--- START ---

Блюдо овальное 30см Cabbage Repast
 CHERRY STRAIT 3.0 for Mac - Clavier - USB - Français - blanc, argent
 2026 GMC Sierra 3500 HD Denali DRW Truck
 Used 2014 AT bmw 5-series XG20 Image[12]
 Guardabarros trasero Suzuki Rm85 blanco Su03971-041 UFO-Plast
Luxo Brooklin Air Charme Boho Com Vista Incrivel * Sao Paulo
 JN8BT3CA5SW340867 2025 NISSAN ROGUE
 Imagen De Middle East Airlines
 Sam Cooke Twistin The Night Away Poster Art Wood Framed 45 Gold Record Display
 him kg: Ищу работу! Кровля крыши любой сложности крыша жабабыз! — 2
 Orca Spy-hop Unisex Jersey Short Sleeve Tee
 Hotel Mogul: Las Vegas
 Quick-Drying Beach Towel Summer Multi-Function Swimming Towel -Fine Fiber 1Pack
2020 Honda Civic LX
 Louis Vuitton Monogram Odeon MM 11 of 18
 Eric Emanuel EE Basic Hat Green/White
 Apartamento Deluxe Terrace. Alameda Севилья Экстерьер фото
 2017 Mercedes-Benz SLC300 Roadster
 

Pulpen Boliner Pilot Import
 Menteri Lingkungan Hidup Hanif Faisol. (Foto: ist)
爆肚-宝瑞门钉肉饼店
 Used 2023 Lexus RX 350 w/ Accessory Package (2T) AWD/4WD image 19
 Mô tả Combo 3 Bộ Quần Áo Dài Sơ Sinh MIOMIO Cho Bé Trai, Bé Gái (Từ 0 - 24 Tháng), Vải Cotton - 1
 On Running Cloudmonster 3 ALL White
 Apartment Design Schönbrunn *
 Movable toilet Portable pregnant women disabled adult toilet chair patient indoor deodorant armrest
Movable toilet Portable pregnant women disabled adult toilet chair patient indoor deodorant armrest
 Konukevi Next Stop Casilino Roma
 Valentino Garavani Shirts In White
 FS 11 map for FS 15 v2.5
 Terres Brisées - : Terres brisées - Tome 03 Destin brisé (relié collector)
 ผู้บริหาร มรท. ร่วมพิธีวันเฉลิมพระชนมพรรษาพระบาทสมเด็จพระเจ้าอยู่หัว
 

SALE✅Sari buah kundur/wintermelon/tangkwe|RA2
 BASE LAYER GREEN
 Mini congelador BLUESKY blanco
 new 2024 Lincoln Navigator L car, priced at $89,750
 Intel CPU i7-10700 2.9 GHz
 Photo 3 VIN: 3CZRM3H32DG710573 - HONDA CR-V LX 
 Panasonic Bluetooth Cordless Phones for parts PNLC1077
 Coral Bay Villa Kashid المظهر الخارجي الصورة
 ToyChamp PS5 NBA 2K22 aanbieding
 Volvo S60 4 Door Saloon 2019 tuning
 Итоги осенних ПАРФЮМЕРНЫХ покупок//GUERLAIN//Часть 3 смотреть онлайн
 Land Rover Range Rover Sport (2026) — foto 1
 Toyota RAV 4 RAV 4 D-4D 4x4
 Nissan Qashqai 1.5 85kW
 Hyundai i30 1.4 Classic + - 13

--- END ---

What to work on:
Wherever the string "armrest" appears in the records, copy the whole line.

Exercise result:
 Movable toilet Portable pregnant women disabled adult toilet chair patient indoor deodorant armrest
Movable toilet Portable pregnant women disabled adult toilet chair patient indoor deodorant armrest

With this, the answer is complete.